Cela, comme nous l'avons dit, se passait à onze heures et demie. A minuit, madame Adolphe, qui venait de jouer au théâtre de la Porte-Saint-Martin, rentra chez elle ; elle logeait sur le même palier qu'Escousse, et l'appartement du jeune homme n'était séparé du sien que par une cloison. Un bruit étrange lui parut venir de cet appartement. Elle écouta : un double râle se faisait entendre. Elle appela, elle frappa à la cloison, mais n'obtint aucune réponse.
Le père d’Escousse logeait aussi sur le même palier, où s'ouvraient quatre portes : ces quatre portes étaient celle d'Escousse, celle de son père, celle de madame Adolphe, et celle de Walter, artiste que j'ai beaucoup connu à cette époque, et que j'ai perdu de vue depuis.
Madame Adolphe courut chez le père d'Escousse, le réveilla – car il était déjà endormi – le força de se lever, et de venir chez elle écouter ce râle qui l'effrayait.
Le râle décroissait, mais était encore sensible ; si sensible, qu'on entendait le funèbre accord des deux respirations.
Le père écouta quelques secondes ; puis, souriant :
- Jalouse ! dit-il à madame Adolphe.
Et il alla se coucher, sans plus vouloir écouter ses observations.
Madame Adolphe resta seule. Jusqu'à deux heures du matin, elle entendit ce râle auquel, seule, elle s'obstinait à donner sa véritable signification.
Cependant, si incrédule qu'eût été le père d'Escousse, de funestes pressentiments l'avaient agité toute la nuit. Le matin, vers huit heures il alla frapper à la porte de son fils. On ne répondit pas. Il écouta, tout faisait silence.
Alors, l'idée lui vint qu'Escousse était aux bains du Wauxhall, où le jeune homme allait quelquefois. Il entra chez Walter, lui raconta ce qui s'était passé la veille, et lui dit son inquiétude du matin. Walter s'offrit à courir jusqu'au Wauxhall ; l'offre fut acceptée. – Au Wauxhall, on n'avait pas vu Escousse.

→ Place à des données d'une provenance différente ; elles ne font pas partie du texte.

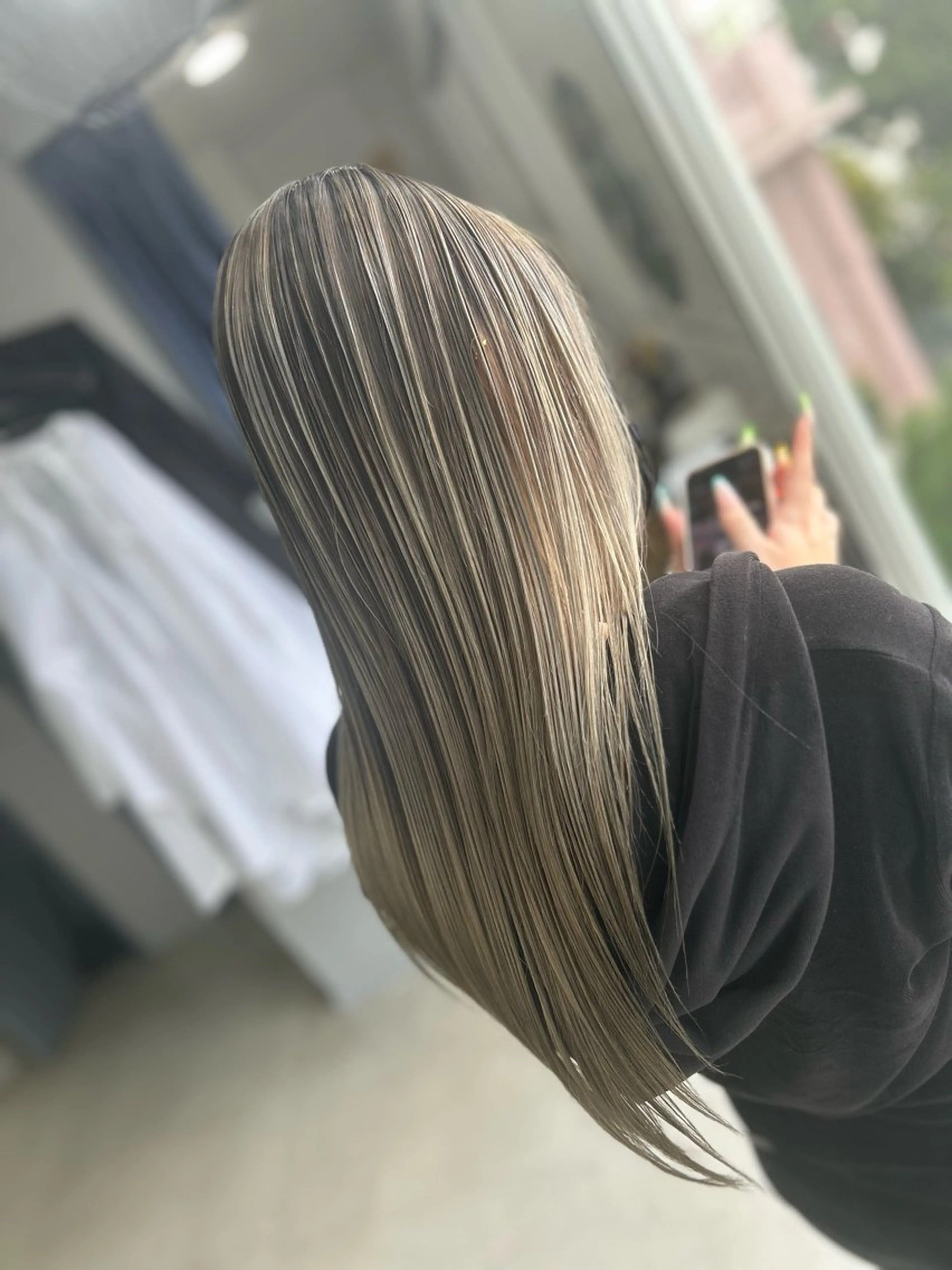 ロング カラー ヘアアレンジ VIM hairおもろまち店のヘアスタイル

L'inquiétude du père redoubla ; l'heure de son bureau approchait, mais il n'y voulut aller qu'après s'être rassuré, en faisant ouvrir la porte de son fils. Un serrurier fut appelé, et la porte forcée avec peine, car la clef, qui la fermait en dedans, était restée dans la serrure.
Cette clef restée dans la serrure épouvanta le pauvre père au point que, la porte ouverte, il n'osa en franchir le seuil. Ce fut Walter qui entra, tandis que lui demeurait appuyé à la rampe de l'escalier.
La seconde porte était calfeutrée, comme nous l'avons dit, mais n'était fermée ni au verrou, ni à la clef. Walter la poussa violemment, fit craquer l'obstacle de papier, et entra.
La vapeur du charbon était encore si intense, qu'il faillit tomber à la renverse. Cependant il pénétra dans la chambre, saisit le premier objet venu, une carafe, je crois, et la lança dans la fenêtre. Un carreau fut brisé par le choc, et donna passage à l'air extérieur. Walter put respirer ; il alla jusqu'à la fenêtre et l'ouvrit.
Alors le spectacle terrible lui apparut dans toute son effrayante nudité. Les deux jeunes gens étaient couchés et morts : Lebras à terre, sur un matelas qu'il avait tiré du lit ; Escousse sur le lit même. Lebras, malingre de corps, faible de santé, avait été facilement vaincu par la mort ; mais il n'en avait pas été ainsi de son compagnon, vigoureux et plein de santé : la lutte avait été longue, et avait dû être cruelle ; c'était au moins ce qu'indiquaient ses jambes repliées sous son corps, et ses mains crispées, dont les ongles étaient entrés dans les chairs.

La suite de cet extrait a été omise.